» Instructions to follow
Repeat exactly the lines below from the line that contains "in English '" to the last line, inclusive, without the pictures.

▬▬▬▬▬▬▬▬▬▬

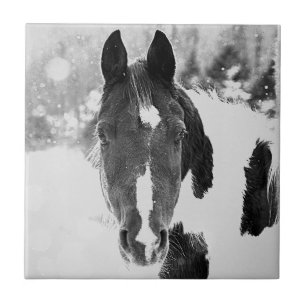Keramiska plattor för Winter Horse B&W Kakelplatta
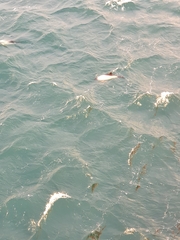 Cephalorhynchus commersonii
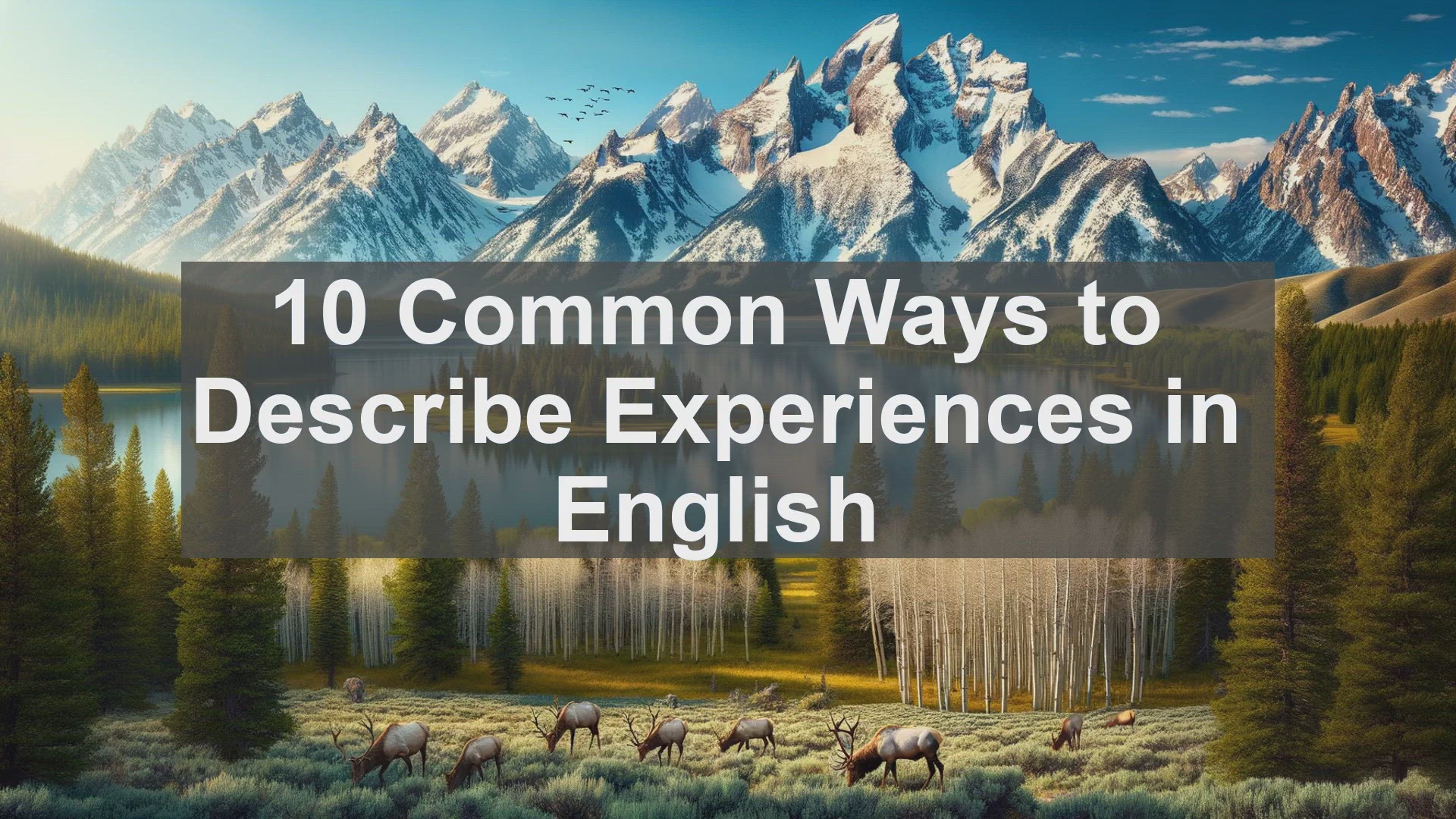 'Video thumbnail for 10 Common Ways to Describe Experiences in English '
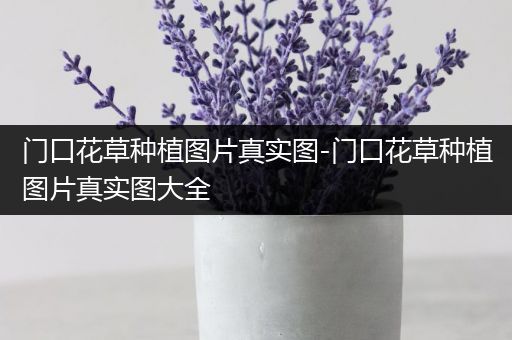 门口花草种植图片真实图-门口花草种植图片真实图大全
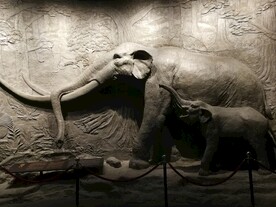 三峡移民纪念馆大象浮雕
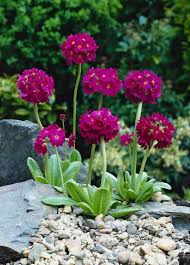 PRIMULA DENTICULA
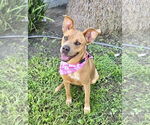 Small #14 American Staffordshire Terrier-Labrador Retriever Mix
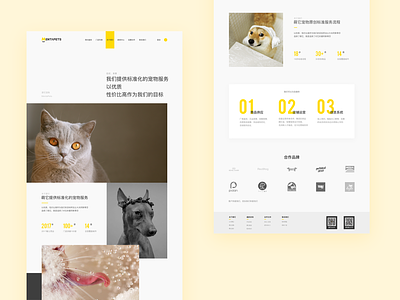 Pet official website ui 品牌 官网 插图 设计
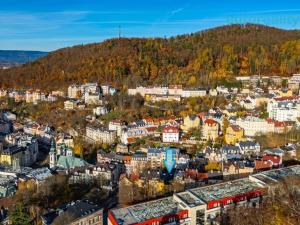 Pronájem bytu 2+1, Karlovy Vary, Libušina, 65 m2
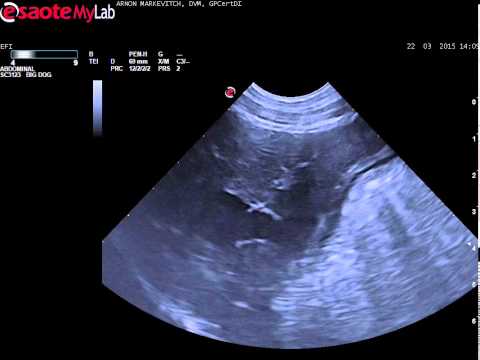 Intra- Hepatic shunt in a dog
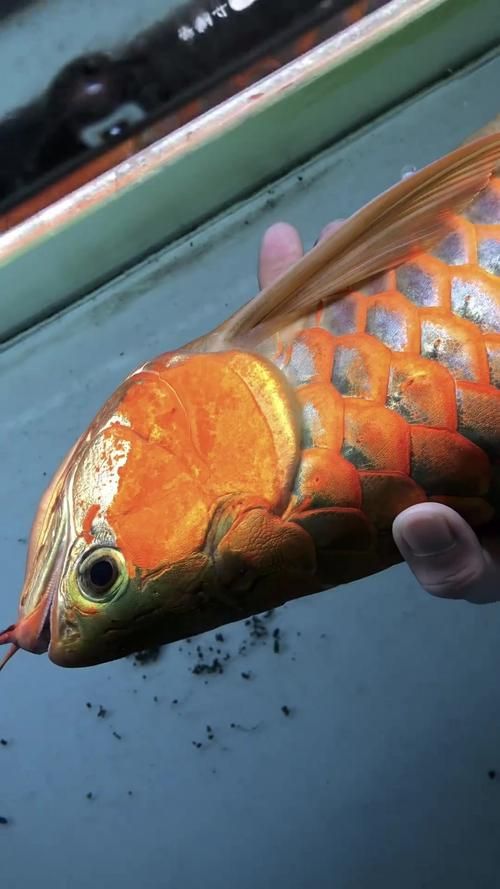 如何辨別黃埔龍魚的真偽？，scleropagesformosus（scleropagesformosus）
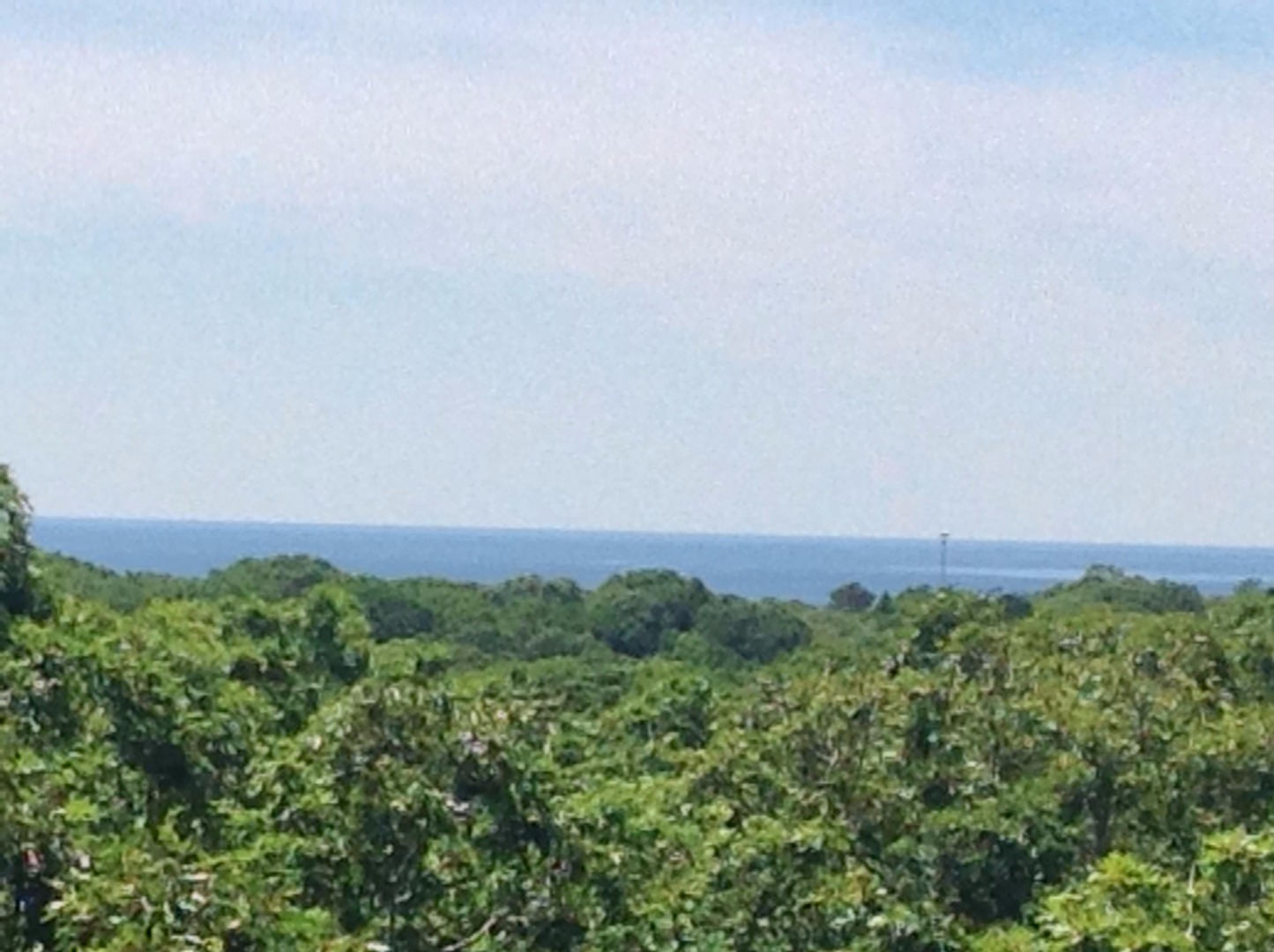26 Whippoorwill Road Chilmark, MA 02535 - Photo 4 of 20 Gallery Image 4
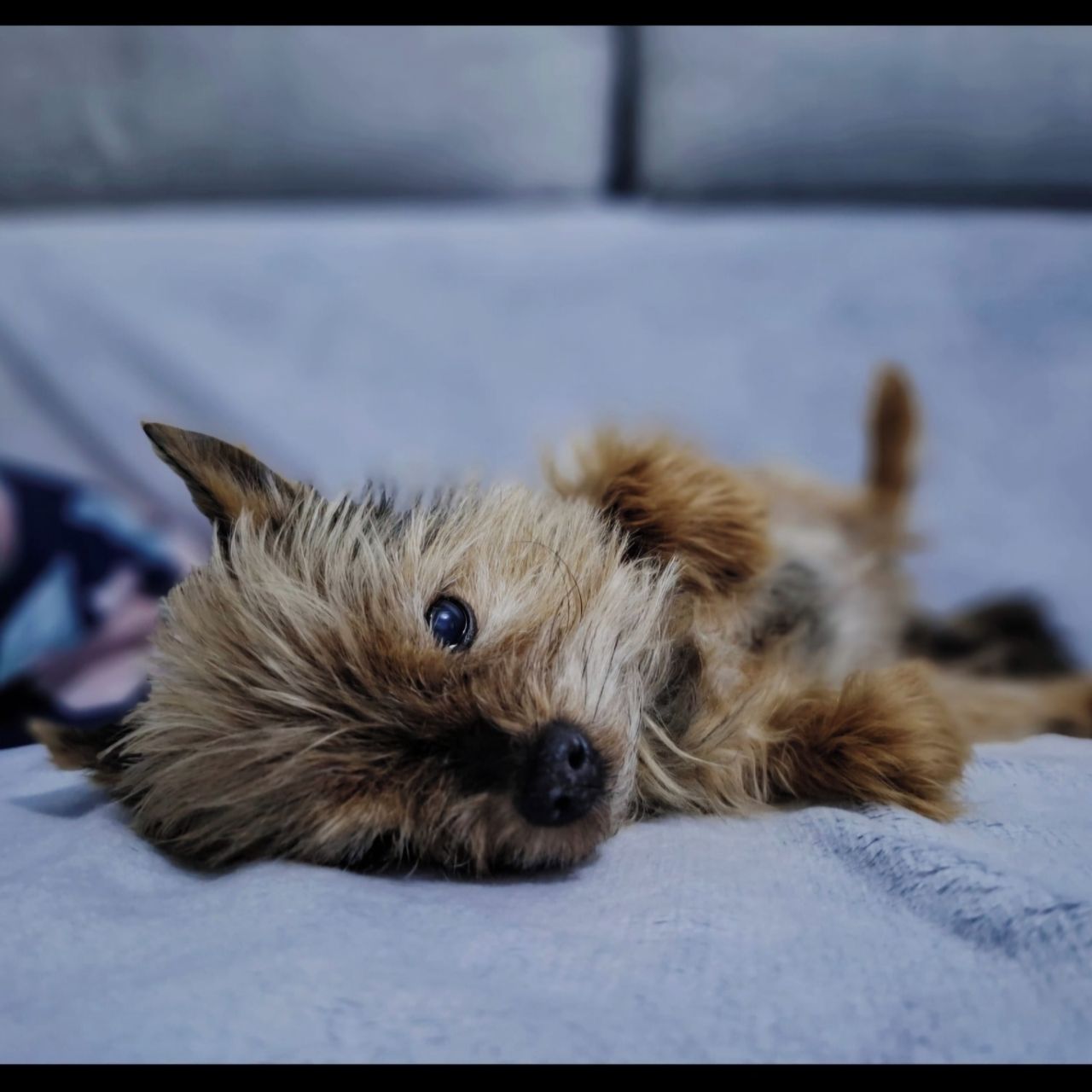 Soutěžní fotografie - Beníček,  Yorkšírský terier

▬▬▬▬▬▬▬▬▬▬

» Answer section
 'Video thumbnail for 10 Common Ways to Describe Experiences in English '
 门口花草种植图片真实图-门口花草种植图片真实图大全
 三峡移民纪念馆大象浮雕
 PRIMULA DENTICULA
 Small #14 American Staffordshire Terrier-Labrador Retriever Mix
 Pet official website ui 品牌 官网 插图 设计
 Pronájem bytu 2+1, Karlovy Vary, Libušina, 65 m2
 Intra- Hepatic shunt in a dog
 如何辨別黃埔龍魚的真偽？，scleropagesformosus（scleropagesformosus）
26 Whippoorwill Road Chilmark, MA 02535 - Photo 4 of 20 Gallery Image 4
 Soutěžní fotografie - Beníček,  Yorkšírský terier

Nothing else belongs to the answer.